Why Do We Feel Inadequate?
I would like to offer my thoughts on why the perceived sense of inadequacy exists and how it can be alleviated. A generation ago, our mothers’ educational opportunities were primarily limited to nursing and teaching. As these teachers became mothers, they naturally applied what they were doing in the classroom to their own children. The understanding of early childhood development easily translated into age appropriate ways of engaging with their own brood.
While it is wonderful that the opportunities available to women today are much broader, it has created a need for early childhood experts to share their expertise with parents who have become educated and skilled in other areas of study.
Components of Meaningful Play
When parents are equipped with the insights and ideas of early childhood experts to promote learning through the five senses, two key developments take place that cannot be usurped by modern technology:
- It promotes experiential learning through a child’s five senses which lays a fundamental understanding of the world around them.
- Sharing the learning experiences together promotes and deepens bonds between parent and child that will lay a strong foundation for their future relationship.
When we as parents become a vital part of this nurturing process through activities that promote bonding between parent and child, we are well on our way of fulfilling our role. Equipped with timeless activities that have been nurturing young minds for centuries, we do not need to feel inadequate in our approach.
Attachment-Promoting Toddler Games
Below are a few examples of play activities that engage the senses and strengthen the attachment bond between you and your toddler. These suggestions come from ProductiveParenting.com, which offers simple ways to bond with your newborn through five-year-old child.
Target Age: Early 2 year old
What To Do: Children learn using the sense of hearing. Listening and following directions are important skills for your child. Introduce this fun activity by saying, “I will clap one time.” Clap. “I will clap two times.” Clap. Clap. Continue up to four times. Have your child try clapping one, two, three, and four times. Continue only if your child is still interested.

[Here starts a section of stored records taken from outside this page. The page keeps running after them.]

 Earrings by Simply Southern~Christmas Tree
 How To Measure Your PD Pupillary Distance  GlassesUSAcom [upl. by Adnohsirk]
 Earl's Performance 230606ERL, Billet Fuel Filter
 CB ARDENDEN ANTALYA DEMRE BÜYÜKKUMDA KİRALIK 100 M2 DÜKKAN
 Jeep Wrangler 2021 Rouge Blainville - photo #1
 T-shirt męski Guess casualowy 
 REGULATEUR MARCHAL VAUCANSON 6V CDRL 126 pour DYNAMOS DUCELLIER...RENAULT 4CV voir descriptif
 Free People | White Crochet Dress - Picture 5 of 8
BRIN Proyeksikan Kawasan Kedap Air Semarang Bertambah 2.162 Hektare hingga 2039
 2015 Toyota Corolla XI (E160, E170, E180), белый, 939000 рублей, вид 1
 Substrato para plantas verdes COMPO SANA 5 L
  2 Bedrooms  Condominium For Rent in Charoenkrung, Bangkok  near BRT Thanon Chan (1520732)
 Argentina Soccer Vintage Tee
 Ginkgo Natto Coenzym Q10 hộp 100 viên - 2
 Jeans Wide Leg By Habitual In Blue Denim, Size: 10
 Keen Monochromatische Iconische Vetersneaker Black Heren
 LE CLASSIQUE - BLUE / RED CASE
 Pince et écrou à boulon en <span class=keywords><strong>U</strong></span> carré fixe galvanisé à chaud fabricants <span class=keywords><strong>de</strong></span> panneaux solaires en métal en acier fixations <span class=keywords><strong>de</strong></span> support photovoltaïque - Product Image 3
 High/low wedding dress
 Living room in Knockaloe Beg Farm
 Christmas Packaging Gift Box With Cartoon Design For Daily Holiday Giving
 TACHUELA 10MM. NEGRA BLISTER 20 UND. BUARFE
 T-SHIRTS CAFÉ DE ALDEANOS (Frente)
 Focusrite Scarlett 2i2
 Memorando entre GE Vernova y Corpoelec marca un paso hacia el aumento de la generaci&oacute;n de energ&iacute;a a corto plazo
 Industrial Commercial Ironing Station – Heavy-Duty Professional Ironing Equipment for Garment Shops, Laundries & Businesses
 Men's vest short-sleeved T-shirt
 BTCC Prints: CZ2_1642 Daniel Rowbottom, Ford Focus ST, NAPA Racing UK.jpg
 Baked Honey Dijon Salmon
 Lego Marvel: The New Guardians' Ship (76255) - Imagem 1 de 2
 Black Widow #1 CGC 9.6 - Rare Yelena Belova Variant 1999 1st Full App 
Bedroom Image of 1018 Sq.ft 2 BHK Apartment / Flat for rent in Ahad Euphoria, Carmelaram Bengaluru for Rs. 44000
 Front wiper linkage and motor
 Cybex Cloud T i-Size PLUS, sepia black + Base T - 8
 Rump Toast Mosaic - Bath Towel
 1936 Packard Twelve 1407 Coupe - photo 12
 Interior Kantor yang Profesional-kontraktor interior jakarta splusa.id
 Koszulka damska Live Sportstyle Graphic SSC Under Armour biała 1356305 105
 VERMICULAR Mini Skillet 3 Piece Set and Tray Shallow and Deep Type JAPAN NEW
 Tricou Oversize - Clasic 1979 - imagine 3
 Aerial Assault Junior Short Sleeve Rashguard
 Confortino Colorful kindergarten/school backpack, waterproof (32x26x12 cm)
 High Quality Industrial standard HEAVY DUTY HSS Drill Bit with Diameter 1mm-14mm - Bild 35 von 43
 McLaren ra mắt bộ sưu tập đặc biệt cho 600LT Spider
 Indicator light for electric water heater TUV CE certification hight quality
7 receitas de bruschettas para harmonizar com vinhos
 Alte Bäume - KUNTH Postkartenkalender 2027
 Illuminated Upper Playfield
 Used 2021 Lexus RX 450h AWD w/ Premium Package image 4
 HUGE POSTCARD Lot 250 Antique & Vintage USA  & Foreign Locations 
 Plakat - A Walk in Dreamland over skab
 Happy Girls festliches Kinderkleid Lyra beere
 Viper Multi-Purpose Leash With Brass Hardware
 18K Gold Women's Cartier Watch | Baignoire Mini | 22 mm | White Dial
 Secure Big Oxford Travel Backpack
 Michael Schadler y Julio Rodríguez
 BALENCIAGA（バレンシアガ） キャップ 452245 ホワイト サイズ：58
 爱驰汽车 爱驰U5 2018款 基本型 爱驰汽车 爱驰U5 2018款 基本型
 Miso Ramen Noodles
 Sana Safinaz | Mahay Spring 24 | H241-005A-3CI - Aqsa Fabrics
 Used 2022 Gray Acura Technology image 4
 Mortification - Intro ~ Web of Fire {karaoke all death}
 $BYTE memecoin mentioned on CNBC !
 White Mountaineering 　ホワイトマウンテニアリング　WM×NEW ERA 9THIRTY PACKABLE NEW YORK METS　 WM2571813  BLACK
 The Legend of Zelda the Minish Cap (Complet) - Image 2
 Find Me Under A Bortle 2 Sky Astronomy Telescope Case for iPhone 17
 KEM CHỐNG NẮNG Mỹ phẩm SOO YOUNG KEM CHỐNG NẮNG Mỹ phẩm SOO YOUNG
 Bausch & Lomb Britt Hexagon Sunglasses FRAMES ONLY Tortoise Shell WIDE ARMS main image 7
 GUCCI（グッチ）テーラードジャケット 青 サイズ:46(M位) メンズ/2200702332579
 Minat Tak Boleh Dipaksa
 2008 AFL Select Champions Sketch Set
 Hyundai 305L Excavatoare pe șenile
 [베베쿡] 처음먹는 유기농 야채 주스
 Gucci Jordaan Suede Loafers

Target Age: Middle 2 year old
Materials You Will Need: Two toy phones or disconnected phones
What To Do: Your child has seen and heard you on the phone many times. Now may be the time to let your child have a conversation with you on the phone! Dial your home number. Say it out loud as you dial. Talk to your child. Give your child time to talk to you. Show your child how to dial the home number. Keep the phones on the toy shelf for playtime.
Letter to Myself
Target Age: Late 2 year old
Materials You Will Need: paper, envelope, stamp
What To Do: Children love to bring in the mail! Help your child understand how this works firsthand with today’s activity! Begin by having your child write a letter. (This usually means drawing.) Put your child’s letter in an envelope. Address the letter to your child. Let your child put a stamp on the envelope. Take your child to a mailbox and let your child put the letter in the mailbox. Let your child check the mail every day until the letter arrives. Children are so excited to receive mail, just like you do!
Past, Present, Future
Target Age: Early 3 year old
What To Do: Today’s activity will help develop your child’s concept of time. Discuss the concepts of past, present, and future with your child. Give your child a few examples of things that have happened in the past (last birthday, last vacation, etc.), and see if your child can come up with some, too. Now discuss today’s events as things that are happening in the present. Do the same for things that will or may happen in the future. Test your child’s understanding of the concept by giving your child an event and asking him/her to categorize it.
Target Age: Late 3 year old
Materials You Will Need: assortment of coins
What To Do: While waiting in a restaurant, use the coins you have in your pocket or wallet to practice patterning with your child. Start with simple patterns, like penny, nickel, penny, nickel and see if your child can continue the pattern. Try more complicated patterns with more than two coins or let your child come up with his/her own patterns.